Both the downstream and upstream portions of the supply chain can benefit from cognitive computing. The most obvious example of how cognitive computing can help is through better visibility. Visibility is the sine qua non of a better supply chain. Cecere rightfully stresses that visibility, at a minimum, needs to encompass a supplier’s supplier all the way to a customer’s customer. Manual processes are simply incapable of monitoring all of the sources of data required to achieve good visibility. In an ideal world, secure information sharing arrangements with supply chain partners will be concluded so that the IoT can be used to automatically keep the system informed. Armed with the right information, a cognitive supply chain will manage routine processes and decisions and will only need to alert decision makers when anomalies are detected. With better visibility, forecasts can be improved, out of stock situations can be avoided, chargebacks can be reduced, and productive inventory can be increased.

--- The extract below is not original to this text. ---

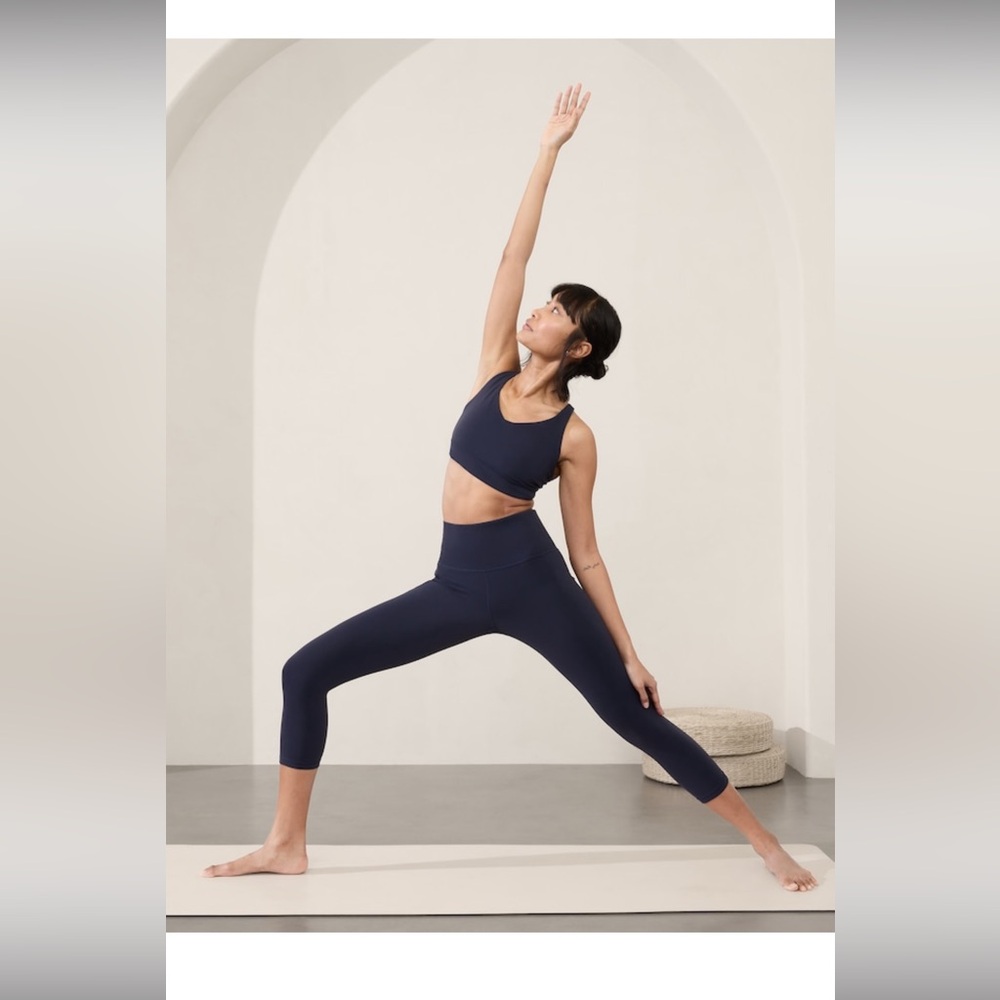 NWT-Athleta Navy Salutation Stash Capri, Large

Two other important areas where cognitive computing is poised to make a difference are supply chain risk management and predictive analytics. Perhaps no area requires more variables to be analyzed than supply chain risk. All of the data involved in normal supply chain visibility must be monitored along with current events, environmental conditions, political unrest, natural disasters, and so forth. Emerging and long-term patterns must be considered. Cognitive computing can help make connections between variables and provide better alerting than manual processes. Monitoring is essential because companies can’t influence or control many of the potential sources of disruption. Concerning predictive analytics, most analysts see this as a game-changer. Cognitive computing can analyze many more variables than current systems and are, therefore, able to make predictions with greater accuracy than the forecasts many businesses now use. Better predictions can help eliminate things like the dreaded Bullwhip Effect. Predictions generated from data will help improve decision-making in every department of an enterprise. Lo Giudice concludes, “What’s surfacing from Cognitive computing these days is only the tip of the iceberg, much more will be coming. Cognitive computing has long-term goals, spanning over a decade or more. It will solve a class of new problems we have not even yet thought of. … If you get involved in cognitive computing, you should get in for the long run. Yes you can get some spot business solutions going, but the big reward is going to take more investment and time.” In my opinion, the big reward will be a cognitive supply chain.

Footnotes
[1] Lora Cecere, “Sage advice? Only for turkeys.” eft, 1 February 2013.
[2] Paul Willmott, “The Digital Enterprise,” Insights & Publications, November 2013.
[3] Mark Jaffe, “IoT Won’t Work Without Artificial Intelligence,” Wired, 12 November 2014.
[4] Diego Lo Giudice, “Three assumptions for why the next generation of software innovation will be cognitive,” Computerworld UK, 28 August 2014.